Elle entra dans la maison pour y chercher un chapeau de paille.

— Tu cèdes encore ! lui dit sa mère, qui était venue la rejoindre.

— Je crois bien que je marche à mon dernier combat, répliqua la jeune femme… Moreau a vu… Arsène. Mais comme il frémit d’impatience en m’attendant ! Regardez-le…

— Et si Moreau l’avait vraiment ramené vers toi ?

— Ah ! maman, s’écria Julie. Merci de ce que vous dites là ! Je vais partir heureuse !

Les deux jeunes gens traversèrent la plaine ; ils ne purent d’abord se tenir côte à côte dans les sentiers étroits, à peine tracés, au milieu des grands blés. Arsène avait prié Julie de lui servir de guide ; « car peu lui importait, disait-il, le but de la promenade, il ne voulait qu’être avec elle. » La pauvre enfant marchait avec courage contre le soleil, dont les rayons obliques brûlaient le sol sous ses pas. Arsène se précipitait au-devant d’elle, quand il la voyait impuissante à percer la muraille d’épis qui se dressait de toutes parts.
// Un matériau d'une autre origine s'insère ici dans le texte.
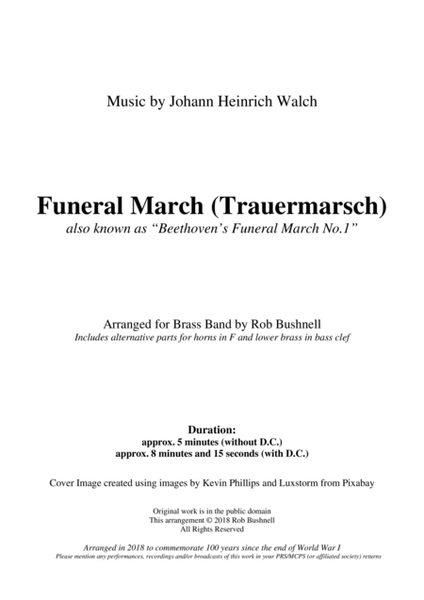 Funeral March (Walch)/"Beethoven's Funeral March No.1" - Brass Band (March-card sized) image number null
Le plus souvent il la suivait, mais en silence. Ils arrivèrent ainsi jusqu’à l’extrémité des champs cultivés, au bas des pentes rocheuses où commençait la forêt. Là, Julie consentit à s’appuyer sur le jeune homme. Au sommet de la colline elle s’arrêta, déjà très-lasse, et regardant avec une vague répugnance les ombres profondes qui s’étendaient au-devant d’elle, et le chemin sous la futaie où sôn compagnon voulait la conduire. Arsène pourtant la vit s’asseoir, sans en montrer de dépit, et il se coucha sur l’herbe à ses pieds.

— Eh bien ? lui dit-elle.

— Oh ! ce que j’ai à vous dire, vous ne le croiriez point, répliqua-t-il en riant avec effort.

Il lui raconta pourtant toute la visite de Moreau.

M. le maire aurait-il eu la peine de venir me trouver, ajouta-t-il, si vous aviez voulu m’ouvrir une fois votre cœur et me raconter votre vie ?

— Encore ce supplice ! dit-elle. Marchons !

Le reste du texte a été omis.